● **Work instructions**
The line with "OLIVIA WILDE Out" and each line following it, up to the final line of the data, should be set down exactly; pictures stay out.

● **Material provided**
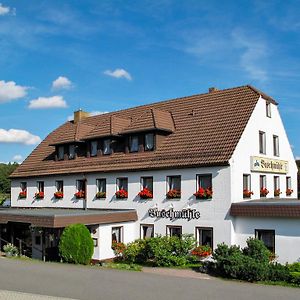 Hotel Pension Buschmühle Ohorn Exterior photo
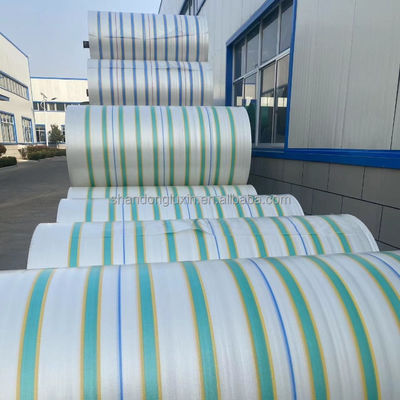 Sunlight Block Dust Proof Woven Tarpaulin Fabric in Customized Color for Waterproof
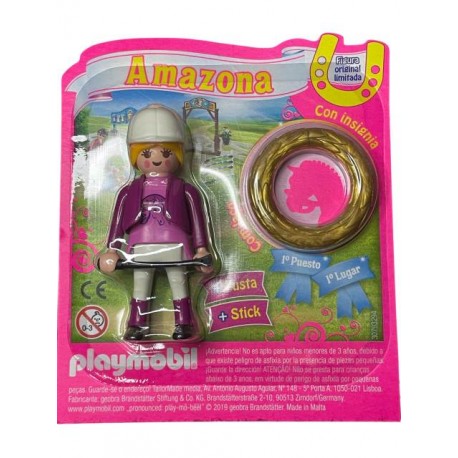 PLAYMOBIL 30793294 AMAZONA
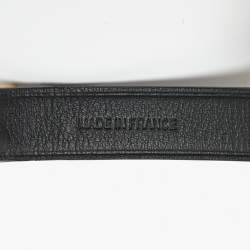 Pre Owned Hermès Kelly Leather Gold Plated Glove Clip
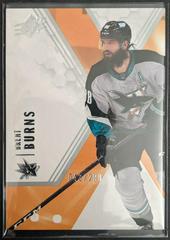 Brent Burns #67 Hockey Cards 2021 SPx Prices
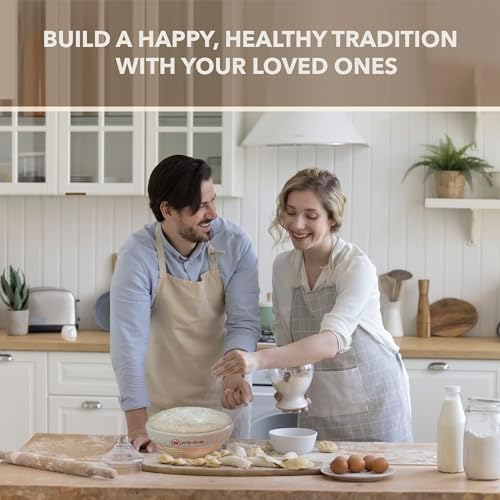 Perfect for Baking Sourdough Bread Proofing Basket Set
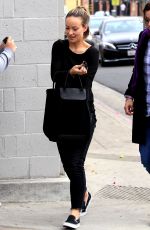 OLIVIA WILDE Out for Lunch in Los Angeles 03/07/2081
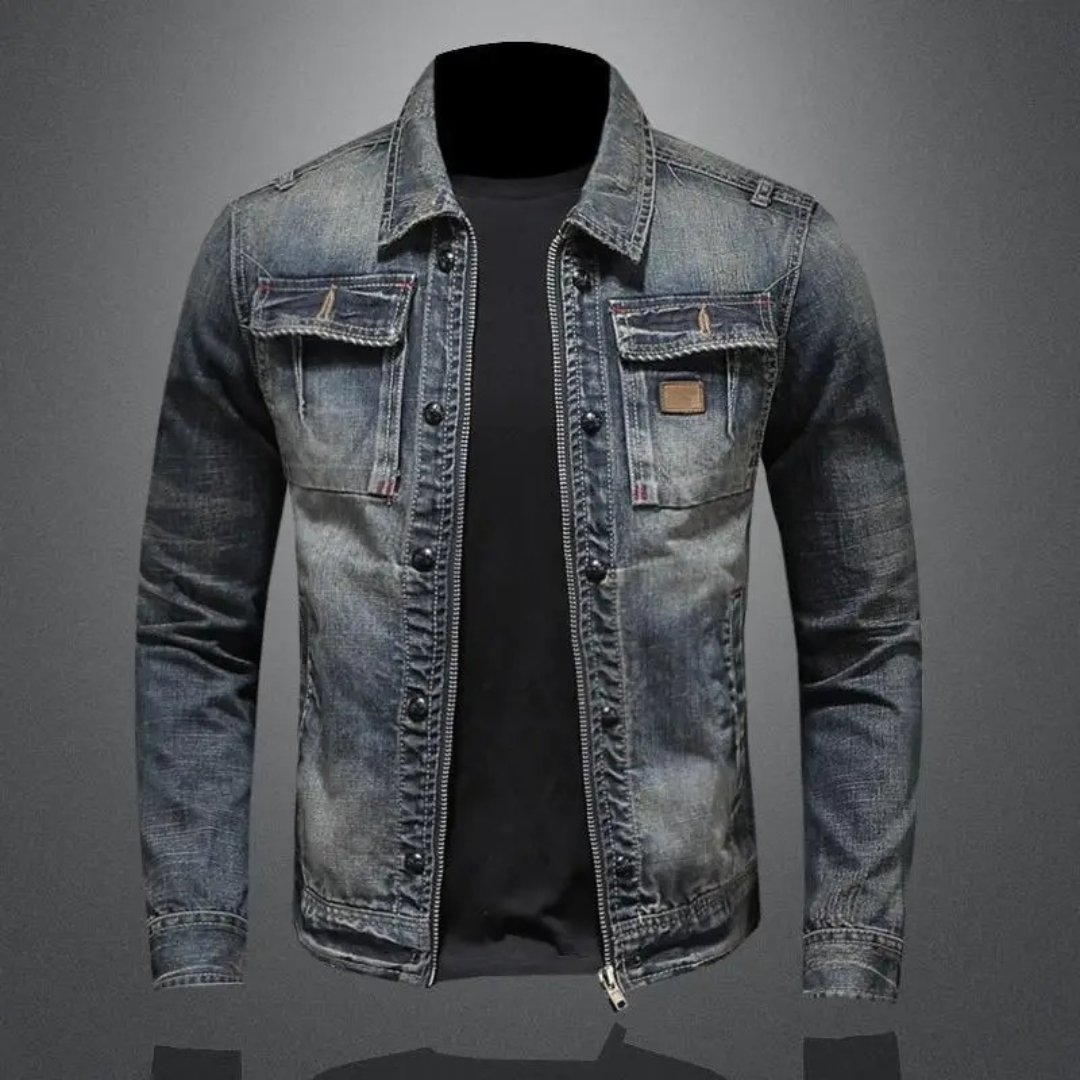 Alpenfeld | Klassische Jeansjacke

● **Result of the task**
 OLIVIA WILDE Out for Lunch in Los Angeles 03/07/2081
 Alpenfeld | Klassische Jeansjacke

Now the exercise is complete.